I realize he's trying to be gentle for he's aware of the circumstances that led to my putting my house on the market. I'm not offended by his suggestion. We’re a team with the same goal: sell my three-bedroom house, which has become too large and too lonely without my husband. If successful, then move me into a rental apartment that will better suit my budget and solo life.
"I guess I could de-clutter," I say. My gaze travels around the rooms on the first floor. The dining room table holds a framed photograph of Tommy on his Schwinn. I love that picture because it's testimony to his amazing spirit. Despite my husband's challenges, he'd hop on his bike every afternoon, while I'd stand watch at the window and pace until he returned.
I hit pause on my reverie and promised the realtor, "I'll handle it before the showing."
"Take your time," he says, and puts a hand on my shoulder that tells me he sympathizes.
When he leaves, I move to our upright, its top decorated with photos of two different Golden Retrievers, beloved pets who gave us 9 and 14 years of sweet companionship. Where to hide these temporarily? The piano bench! I open the lid and place the three pictures on the Rogers and Hart Songbook.
The second floor is the real challenge, for it's not only Tommy and the dogs hogging every surface and shelf, but daughters, grandchildren, and my brother and his family. All smiling back at me with memories of our younger, innocent, hopeful selves.
I slow my task because each photo must be studied. Their backstories flash in front of me, like the crawl at the bottom of a TV screen. Instead of sports scores or weather advisories, the line that enters my vision reminds me: This one must've been taken 16 years ago because my oldest grandson is just a baby here. My daughters and their partners, Tommy and I, and Sasha, the first of our dogs, are sprawled across our queen-sized bed.

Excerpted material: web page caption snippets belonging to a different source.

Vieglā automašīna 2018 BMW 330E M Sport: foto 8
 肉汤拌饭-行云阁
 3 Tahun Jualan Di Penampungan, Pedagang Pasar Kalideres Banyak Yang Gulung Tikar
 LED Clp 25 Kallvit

Everyone in the scene gleams. The joy of a new grandchild and the feeling of family togetherness are palpable. Now that I think of it, I believe some of Tommy's happiness in that photo was due to this new family he has won. With no children of his own, my second husband relished his sudden role as stepfather to my vibrant daughters.

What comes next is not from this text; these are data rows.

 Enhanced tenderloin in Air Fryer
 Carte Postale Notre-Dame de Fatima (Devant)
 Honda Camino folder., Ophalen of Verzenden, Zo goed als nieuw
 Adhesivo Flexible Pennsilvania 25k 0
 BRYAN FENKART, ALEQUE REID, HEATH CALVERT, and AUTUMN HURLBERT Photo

Without a piano bench to use as storage, I find a carton to hold the second floor's larger collection. I lift a photo from a book shelf. It displays my husband and me and my brother and sister-law. We are at some party that I can't recall, but it must've been special because the men are in sport jackets and the women in fancy clothing. "Is anything wrong with Tommy?" is the line that this photo generates. "He seems to be repeating things."
"It's not Alzheimer's," I tell my brother. "He forgot to take his thyroid meds for several weeks and he's a bit muddled." Wishful thinking, I realize now. Not Alzheimer's, but the first evidence of a brain degeneration as miserable as the better-known illness.

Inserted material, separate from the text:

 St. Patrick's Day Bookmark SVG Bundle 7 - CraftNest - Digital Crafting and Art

There are wedding photos everywhere. Tommy and I posed as newlyweds; smiles nearly as bright as the Las Vegas lights in the hotel we've picked for our venue. Here's a crowd photo of my daughters, their partners, my grandson now a toddler, my brother and sister-in-law, and friends who could fly in for our January 13, 1998 wedding. I gather all of these testaments to our happy union, then open a dresser drawer to tuck them in.
On the nightstand next to our bed, I not only have another framed photo of my husband, but also his watch, wallet, and wedding band. I've set them here as a makeshift alter -- my last stop for a goodnight chat before heading under the covers. One-by-one, I place each totem in a drawer. But once strangers traverse my clean landscape, I'll retrieve and return his beloved possessions to their rightful spot.
When I am finished de-cluttering, and my home no longer bares traces of my old life, I head out the door. The realtor is due soon with a prospect. I hope they have children, a dog, and, please, a camera.